DU « REPRÉSENTATIF » ET DU « PARTICIPATIF »,
LA DÉMOCRATIE EN QUESTIONS

Najib BA MOHAMMED
Professeur à la Faculté de droit – Fès, ancien membre de la Commission
consultative de la révision de la constitution (CCRC)

Introduction
La constitution de 2011 appartient à la nouvelle tendance, tant elle introduit des concepts
ignorés par les textes classiques en l’occurrence, la démocratie participative et la bonne
gouvernance qu’elle inscrit à son ordre du jour juridique.
« Du représentatif et du participatif » la démocratie en questions, n’est pas un plaidoyer
ou un réquisitoire pour ou contre l’une ou l’autre expression de la démocratie dont ce n’est
point ici ou là, le procès.
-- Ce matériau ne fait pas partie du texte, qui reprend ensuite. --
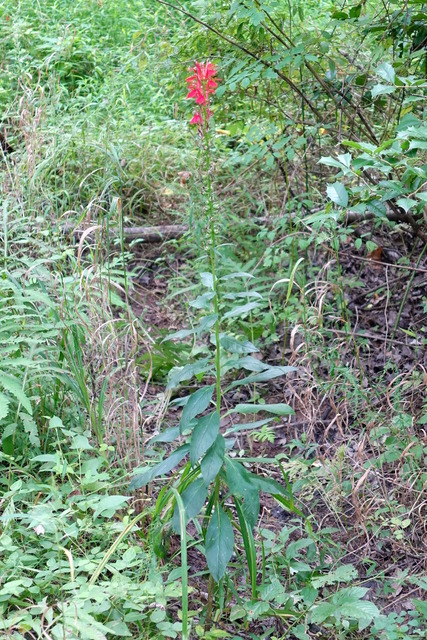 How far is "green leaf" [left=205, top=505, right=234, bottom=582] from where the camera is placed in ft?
7.73

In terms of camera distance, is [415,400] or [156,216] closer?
[415,400]

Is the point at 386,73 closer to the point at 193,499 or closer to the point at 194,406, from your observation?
the point at 194,406

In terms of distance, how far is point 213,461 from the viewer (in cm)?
238

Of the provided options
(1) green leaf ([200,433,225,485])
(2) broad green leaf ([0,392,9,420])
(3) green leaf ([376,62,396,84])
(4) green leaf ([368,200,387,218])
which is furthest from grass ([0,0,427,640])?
(3) green leaf ([376,62,396,84])

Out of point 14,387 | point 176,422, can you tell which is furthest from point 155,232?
point 14,387

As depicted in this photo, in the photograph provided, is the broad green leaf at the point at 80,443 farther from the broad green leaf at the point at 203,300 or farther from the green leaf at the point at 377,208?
the green leaf at the point at 377,208

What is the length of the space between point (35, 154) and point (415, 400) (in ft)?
7.78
Tout au plus il s’agit d’un questionnement conceptuel en vue de
saisir la légitimité scientifique et politique des concepts en question, même si l’exercice
s’avère rude et la démarche incertaine.
Je me réjouis de cette opportunité offerte par les organisateurs de ce colloque, que je salue
et remercie amicalement et accepte l’aventure de m’inscrire dans l’analyse politologique de
la démocratie néo-libérale.
La démocratie s’est historiquement affirmée en tant qu’ordre politique, dans le cadre
étatique et sous « forme » représentative. Or, il semblerait que ces trois structures fondatrices
sont en souffrance dans le néo-libéralisme ambiant et sa tendance à dissoudre la démocratie
dans l’Etat de droit, sinon dans l’Etat des droits de l’Homme et du citoyen (1). Une
profonde mutation s’est opérée impliquant un nouveau « rééquilibrage » entre le politique
et le juridique, l’étatique et le mondial voire le local ou le régional et, finalement entre la
démocratie indirecte des élites et celle plus directe des masses ou des citoyens.
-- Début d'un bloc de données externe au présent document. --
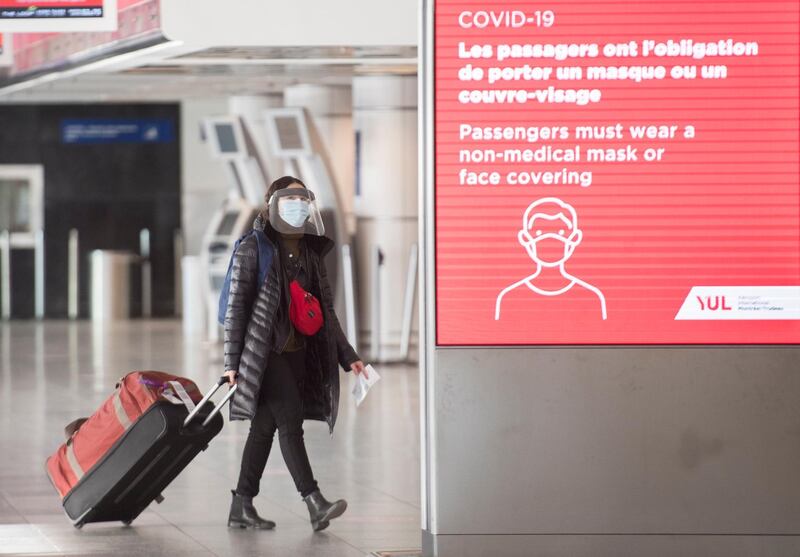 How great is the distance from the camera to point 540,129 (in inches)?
211

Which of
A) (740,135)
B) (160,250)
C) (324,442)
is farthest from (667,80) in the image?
(160,250)

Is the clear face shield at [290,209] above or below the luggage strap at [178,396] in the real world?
above

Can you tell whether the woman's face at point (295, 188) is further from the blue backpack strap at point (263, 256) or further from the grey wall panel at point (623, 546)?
the grey wall panel at point (623, 546)

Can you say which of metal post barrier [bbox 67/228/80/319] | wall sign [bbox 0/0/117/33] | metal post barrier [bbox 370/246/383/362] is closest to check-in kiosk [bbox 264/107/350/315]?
metal post barrier [bbox 370/246/383/362]

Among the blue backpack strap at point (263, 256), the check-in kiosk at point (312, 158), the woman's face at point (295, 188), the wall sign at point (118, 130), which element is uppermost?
the wall sign at point (118, 130)

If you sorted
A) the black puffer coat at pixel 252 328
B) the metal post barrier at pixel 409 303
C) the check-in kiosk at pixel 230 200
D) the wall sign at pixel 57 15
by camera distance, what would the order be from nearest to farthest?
the black puffer coat at pixel 252 328 → the wall sign at pixel 57 15 → the metal post barrier at pixel 409 303 → the check-in kiosk at pixel 230 200

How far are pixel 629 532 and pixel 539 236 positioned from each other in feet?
3.63

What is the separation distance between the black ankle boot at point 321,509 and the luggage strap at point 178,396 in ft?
2.03

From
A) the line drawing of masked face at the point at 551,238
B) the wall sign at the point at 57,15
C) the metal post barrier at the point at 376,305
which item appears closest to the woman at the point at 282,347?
the line drawing of masked face at the point at 551,238

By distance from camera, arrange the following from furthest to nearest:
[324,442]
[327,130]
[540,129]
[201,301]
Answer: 1. [201,301]
2. [327,130]
3. [324,442]
4. [540,129]

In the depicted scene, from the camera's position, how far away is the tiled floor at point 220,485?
612 centimetres

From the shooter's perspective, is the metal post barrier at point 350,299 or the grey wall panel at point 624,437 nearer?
the grey wall panel at point 624,437

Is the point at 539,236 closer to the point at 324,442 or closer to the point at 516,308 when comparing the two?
the point at 516,308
C’est autour de cette mutation-rééquilibrage que se joue le destin de la « démocratie
recyclée » que l’on qualifie aussi de post-démocratie.
L’observation des vieilles démocraties libérales et pluralistes occidentales favorise
le constat de la crise qui affecte le régime représentatif que les pères fondateurs ont

(1) Cf. Slobodan Milacic, la Démocratie représentative devant un défi historique. Bruylant 2006 (rapport introductif),
p. 3-37.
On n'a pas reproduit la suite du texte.